ノーレーティングにおいては、従来のランク制度で年度単位・四半期単位といったスパンで行われていたレーティングを廃止し、代替として1カ月単位で行われる1on1面談などによって、より短いスパンでの人事評価を行います。なおその際は、次月の目標設定も同時に行われることが多いようです。
ノーレーティングが注目を集める背景
ノーレーティングという概念が注目されるようになった背景としては、主に「社会の流動化」と「人事評価制度の複雑化・陳腐化」の2点が大きいとされています。
現代社会においてはIT化やDXの進展により、受発注から製品・サービス提供に至るまであらゆるビジネスシーンのスピードが加速し、社会の流動性が高まっています。それに伴い、旧来の人事評価制度は多様な評価項目のニーズに応えるべく複雑化する一方、評価関連事務はいっそう煩雑化し、そうした激しい変化に対応しきれなくなっているという矛盾を抱えていました。
これらの課題を一挙に解決する手法として、「そもそも煩雑なレーティングをしない」ノーレーティングという考え方が注目を浴びるようになったのです。
ノーレーティングにおける給与の決め方
ノーレーティングにおいては、当然ながらランク付けによる一律の給与水準が適用できません。そのため、給与の決め方については導入企業により差異があるのが現状です。

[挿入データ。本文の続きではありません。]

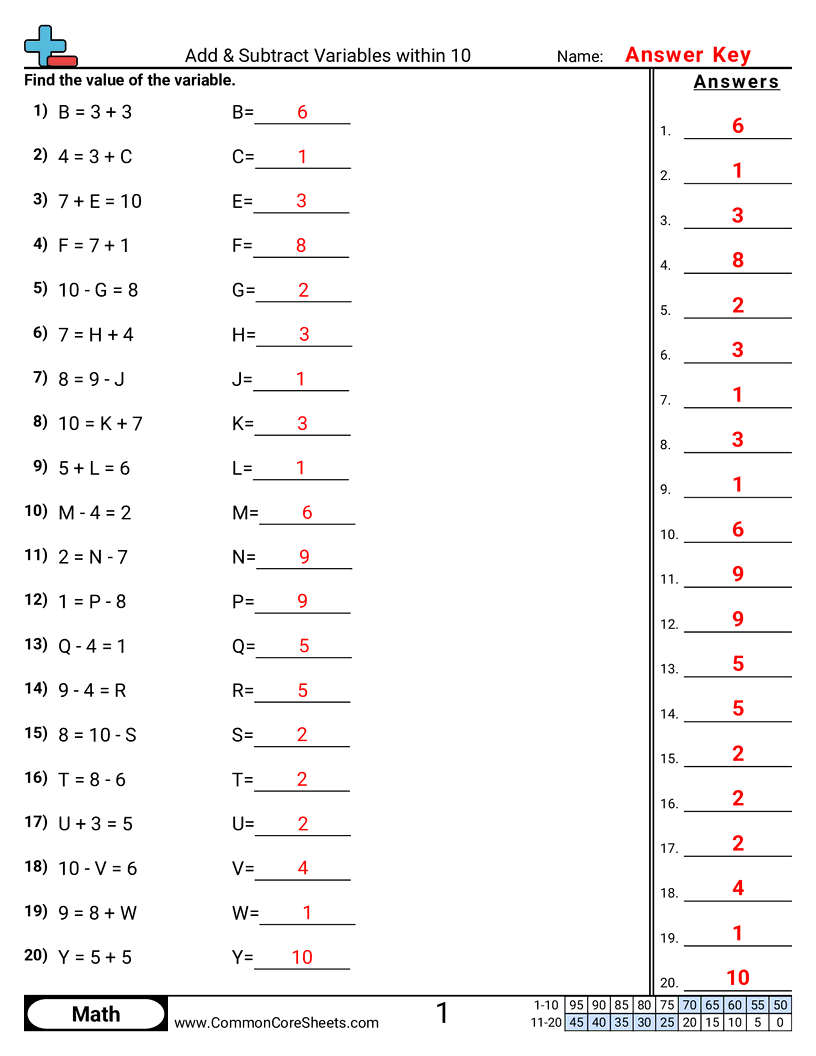 Addition Subtraction Worksheets Addition Subtraction Worksheets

一例として、給与の決定権が管理職にある場合、利用可能な人件費について予算担当部門から事前に共有がなされます。管理職はその後、ノーレーティングの評価結果に基づき、かつ与えられた予算の範囲で部下へ給与を配分することになります。
総じて、ノーレーティングでの給与の決め方はその評価方式と同様、流動的なものであるといえるでしょう。
ノーレーティングの4つのメリット
メリット1:目標設定や評価に納得感がある
ノーレーティングにおいては、定期的な1on1を介した密なコミュニケーションにより、目標設定の精度や、評価制度への納得感が従来型の人事評価よりも高まる効果が期待できます。そのためには、画一的な視点ではなく、従業員個人の資質・適性に応じた評価視点が重要です。
メリット2:従業員のモチベーションが上がる
給与が短いスパンでの評価に応じて流動的に上下することで、従業員はより高い評価を目指すべく、さらなるモチベーションを持って業務に携わることができる可能性があります。また、短期目標の定期的な更新がなされることで、自身が身につけるべきスキルの明確化にも役立つでしょう。
メリット3:環境の変化に対応できる
先述したように、ノーレーティングは社会の急激な変化に対応すべく取り入れられた手法でもあります。市場におけるさまざまな競争や、消費者の価値観の変化はもちろん、戦争などの社会情勢や災害といった不確定な環境下であっても、時勢に応じた適正な評価の維持が期待できるでしょう。
メリット4:多様な働き方に対応できる
レーティングが存在しないことは、雇用形態や業種の多様化にも有利に作用する可能性があります。例えば米国で一般的な「ジョブ型雇用」は、職務に必要なスキルに応じて事前に人事評価を行い、雇用中はその達成度に応じた「職務給」が支払われる雇用形態であり、ノーレーティングの仕組みと好相性といえます。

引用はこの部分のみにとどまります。